PSA Slows Down Again: Rising Delays, Higher Costs, and a Warning for the Hobby

PSA has announced another major grading service update, and for collectors, the news is difficult to ignore.

Longer turnaround times.
Higher costs at certain service levels.
More restrictions on bulk submissions.

You can read PSA’s full announcement here:
PSA Service Level Update – May 2026

While PSA frames these changes as operational adjustments tied to demand, the bigger picture paints a troubling story for the hobby.


What Changed?

According to PSA, new submission timelines now look like this:

  • Value Bulk: 140–160 business days
  • Value: 100–120 days
  • Value Plus: 60–80 days
  • Regular: 30–40 days
  • Express: 20–30 days

PSA also raised pricing for Super Express, increasing it from $299 to $349 per card. And beginning May 18, Value Bulk submissions now require a 50-card minimum.

That means:

  • Budget grading gets slower
  • Fast grading gets more expensive
  • Smaller submitters have fewer options

This Isn’t Entirely on PSA

It’s easy to blame PSA alone — and they certainly deserve criticism for capacity and turnaround issues — but collectors also need to look inward.

A major reason grading backlogs continue is simple:

Too many cards are being graded that probably shouldn’t be.

Over the past several years, the hobby developed a grading obsession.

Common modern base cards.
Mass-produced inserts.
Low-value parallels.
Cards worth less than the grading fee itself.

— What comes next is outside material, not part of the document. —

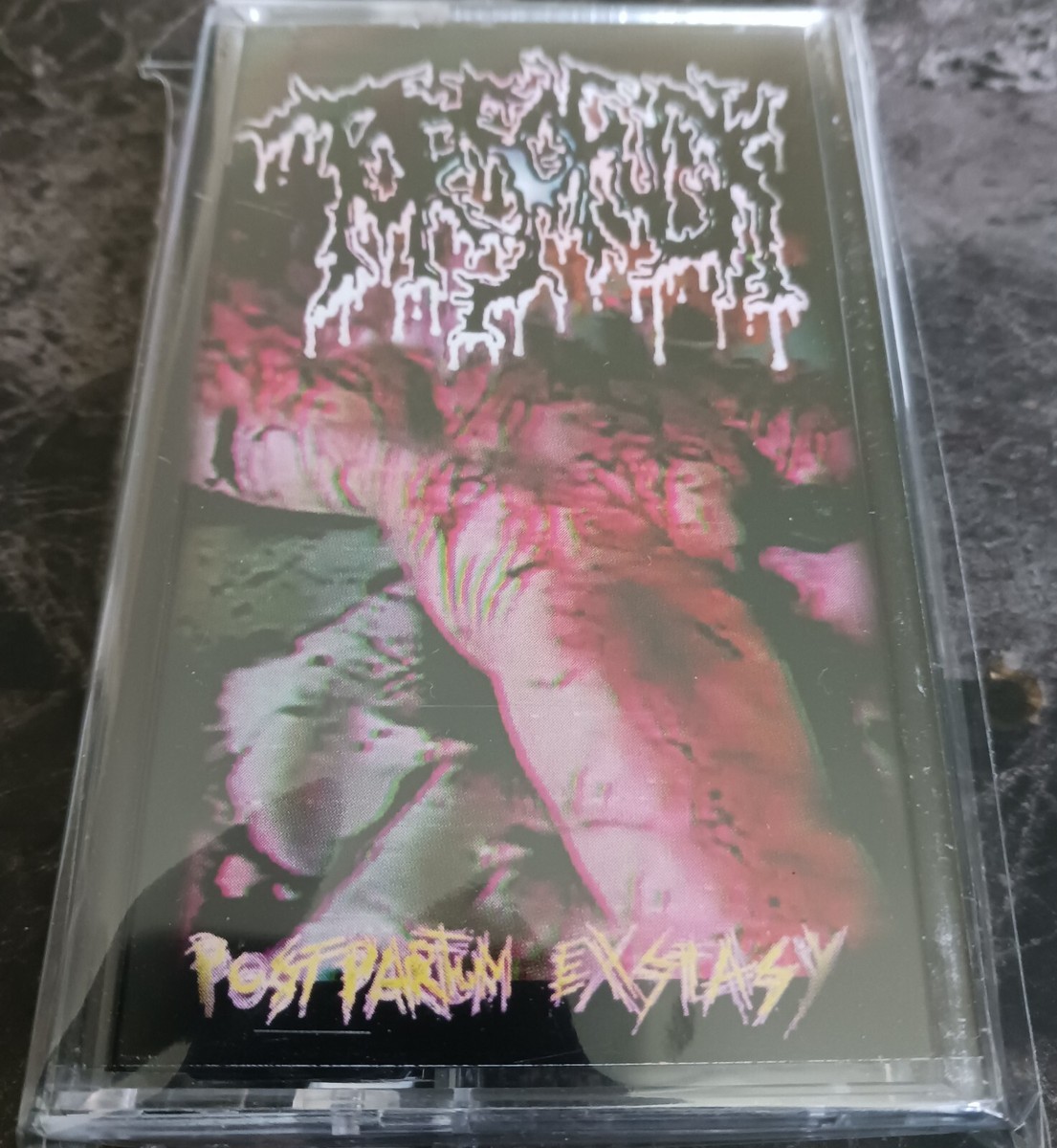 Torsofuck - Postpartum exstasy cassette | eBay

Many submitters grade first and ask questions later.

When thousands of cards with little market value flood the system, delays become inevitable.

That doesn’t excuse PSA’s problems — but it does explain part of them.

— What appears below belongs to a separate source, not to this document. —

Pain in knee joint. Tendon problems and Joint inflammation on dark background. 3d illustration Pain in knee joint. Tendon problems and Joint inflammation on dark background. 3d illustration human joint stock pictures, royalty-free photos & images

The hobby created demand that grading companies were never designed to handle at this scale.


Still, This Is Bad for the Hobby

Even acknowledging submission volume, these changes are not good for collectors.

The reality:

  • Bulk grading is approaching 5–7 month waits
  • Costs continue climbing
  • Entry-level collectors get squeezed out

PSA remains the market leader because of resale value and brand recognition.

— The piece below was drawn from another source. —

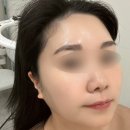 지족로(유성-100) | [대전 유성] 오르네스킨타이트닝 수분관리 후 촉촉광채 피부 완성!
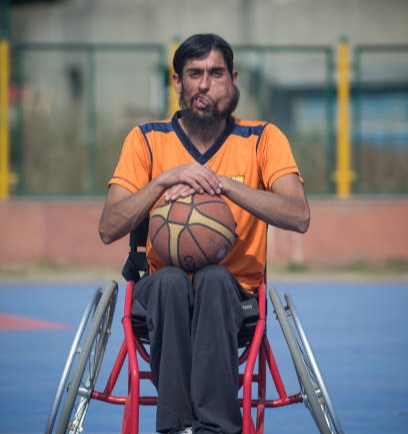 Meet Mohammad Rafee, the man with facial hemangioma, spinal injury ‘but’ plays nationals in wheelchair baskets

But leadership comes with responsibility.

Collectors have tolerated delays before, especially during the pandemic-era grading boom. The problem is that years later, long waits and service adjustments continue resurfacing.

That hurts:

  • Market liquidity
  • Card availability
  • Smaller collectors and flippers
  • Confidence in grading timelines

What About SGC?

This situation affects more than PSA.

Months ago, PSA parent company Collectors acquired SGC.

At the time, collectors were promised that SGC would continue operating independently.

But many hobbyists remain skeptical.

Since the acquisition:

  • SGC turnaround times have become less predictable
  • Questions remain about staffing and operational priorities
  • Collectors worry SGC resources may increasingly support PSA infrastructure instead of remaining fully independent

Whether intentional or not, the perception is damaging.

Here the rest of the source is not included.